There are many sexual aspects of kabbalistic teaching. Often the kabbalah speaks of the mystical union between man and God in explicit terms. And frequently reference is made to the love story in the biblical Book of the Song of Songs.

The kabbalah retells in its own idiom the primary stories of Judaism. The creation of the world takes on a new aura through mystical revision. Some basic themes of Jewish thought revised in mystical form could be summarized as follows.

Originally God was united with his Shekhinah (Divine Presence). There was a mystical flow uniting all sefirot. Then man sinned. As a result, a disruption developed in the harmony of the system. Now, through religious acts (Torah, commandments, and prayer) man can restore and repair the world to its pristine state. This process is sometimes called the mystical tikkun (repair of the world).
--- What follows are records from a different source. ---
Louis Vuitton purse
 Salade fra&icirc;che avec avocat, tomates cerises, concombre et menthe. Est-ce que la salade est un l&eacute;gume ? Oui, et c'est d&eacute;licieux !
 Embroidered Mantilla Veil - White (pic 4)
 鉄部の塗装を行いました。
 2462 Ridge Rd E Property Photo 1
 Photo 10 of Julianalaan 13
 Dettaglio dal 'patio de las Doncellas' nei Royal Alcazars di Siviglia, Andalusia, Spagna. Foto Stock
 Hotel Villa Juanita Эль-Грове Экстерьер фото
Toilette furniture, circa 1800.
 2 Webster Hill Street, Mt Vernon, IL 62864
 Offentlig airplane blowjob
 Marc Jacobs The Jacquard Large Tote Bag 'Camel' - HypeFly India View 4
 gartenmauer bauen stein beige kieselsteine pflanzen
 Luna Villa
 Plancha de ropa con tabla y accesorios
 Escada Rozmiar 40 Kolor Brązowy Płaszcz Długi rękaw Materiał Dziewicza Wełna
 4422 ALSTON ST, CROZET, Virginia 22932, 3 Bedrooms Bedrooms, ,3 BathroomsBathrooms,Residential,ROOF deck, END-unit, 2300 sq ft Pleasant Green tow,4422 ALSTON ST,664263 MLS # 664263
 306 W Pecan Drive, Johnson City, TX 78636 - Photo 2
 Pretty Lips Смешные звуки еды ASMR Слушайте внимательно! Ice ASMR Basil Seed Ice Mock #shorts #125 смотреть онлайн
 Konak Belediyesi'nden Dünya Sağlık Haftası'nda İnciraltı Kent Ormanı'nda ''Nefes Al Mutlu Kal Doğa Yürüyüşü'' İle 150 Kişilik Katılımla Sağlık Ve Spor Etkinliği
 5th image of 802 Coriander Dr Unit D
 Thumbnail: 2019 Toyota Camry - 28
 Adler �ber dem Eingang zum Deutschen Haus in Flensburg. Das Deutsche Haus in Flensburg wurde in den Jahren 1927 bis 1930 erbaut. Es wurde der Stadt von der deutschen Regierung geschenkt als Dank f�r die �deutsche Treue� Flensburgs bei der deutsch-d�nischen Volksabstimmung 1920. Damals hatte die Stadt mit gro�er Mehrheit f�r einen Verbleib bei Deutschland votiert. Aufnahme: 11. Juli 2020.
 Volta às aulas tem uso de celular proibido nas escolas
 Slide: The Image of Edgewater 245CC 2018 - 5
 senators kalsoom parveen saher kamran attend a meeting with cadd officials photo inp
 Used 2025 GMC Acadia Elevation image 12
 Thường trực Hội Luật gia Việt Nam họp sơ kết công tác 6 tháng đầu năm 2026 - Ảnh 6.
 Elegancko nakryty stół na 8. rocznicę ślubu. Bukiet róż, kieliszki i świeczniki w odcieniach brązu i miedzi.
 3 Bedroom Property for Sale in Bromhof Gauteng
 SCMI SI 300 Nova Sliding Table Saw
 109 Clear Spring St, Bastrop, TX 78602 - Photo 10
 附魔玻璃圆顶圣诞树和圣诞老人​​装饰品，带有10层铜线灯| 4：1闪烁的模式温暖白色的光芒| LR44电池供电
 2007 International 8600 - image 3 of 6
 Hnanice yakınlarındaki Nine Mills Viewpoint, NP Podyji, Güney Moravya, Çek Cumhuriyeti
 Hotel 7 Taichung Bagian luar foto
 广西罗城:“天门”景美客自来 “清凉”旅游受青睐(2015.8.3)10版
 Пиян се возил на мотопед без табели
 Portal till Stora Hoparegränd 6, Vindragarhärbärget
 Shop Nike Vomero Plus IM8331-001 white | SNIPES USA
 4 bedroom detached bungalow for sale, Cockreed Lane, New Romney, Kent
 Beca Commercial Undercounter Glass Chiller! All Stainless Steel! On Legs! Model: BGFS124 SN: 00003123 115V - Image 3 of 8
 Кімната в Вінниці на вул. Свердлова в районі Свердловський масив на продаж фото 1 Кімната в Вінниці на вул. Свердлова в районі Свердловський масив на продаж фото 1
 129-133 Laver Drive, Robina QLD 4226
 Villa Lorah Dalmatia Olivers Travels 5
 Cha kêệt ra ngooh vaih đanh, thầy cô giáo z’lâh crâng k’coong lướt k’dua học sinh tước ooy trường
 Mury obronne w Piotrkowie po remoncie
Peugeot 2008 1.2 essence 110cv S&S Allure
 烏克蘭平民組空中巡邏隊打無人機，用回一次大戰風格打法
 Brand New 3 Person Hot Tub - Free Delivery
In this view of life, all actions on earth have an effect in heaven. For Jews of the Middle Ages, such a belief was a crucial doctrine. It said to the individual that all was not lost. Indeed, every little thing had some cosmic meaning, but the larger picture of historical circumstance meant essentially nothing.

Luria, mentioned earlier, propounded a new doctrine called tsimtsum (retreat). According to his belief, God retreated out of the world. In mystical idiom he told of the exile of the En Sof into seclusion to make room for the world. Luria's system of thought emphasized the exile and restoration of God's Shekhinah.

He focused on redemption in times of crisis and physical exile--the tikkun of humanity's existence. Man could accomplish this through mystical prayer and kawwanah (extreme concentration), a special frame of mind in the performance of the commandments and in the recitation of prayers. Luria predicted that the Messiah would come in 1575. But even after that time, his system of thought retained its hold on his many followers.

(Excerpted from Tzvee Zahavy, Introduction to Judaism, 1989)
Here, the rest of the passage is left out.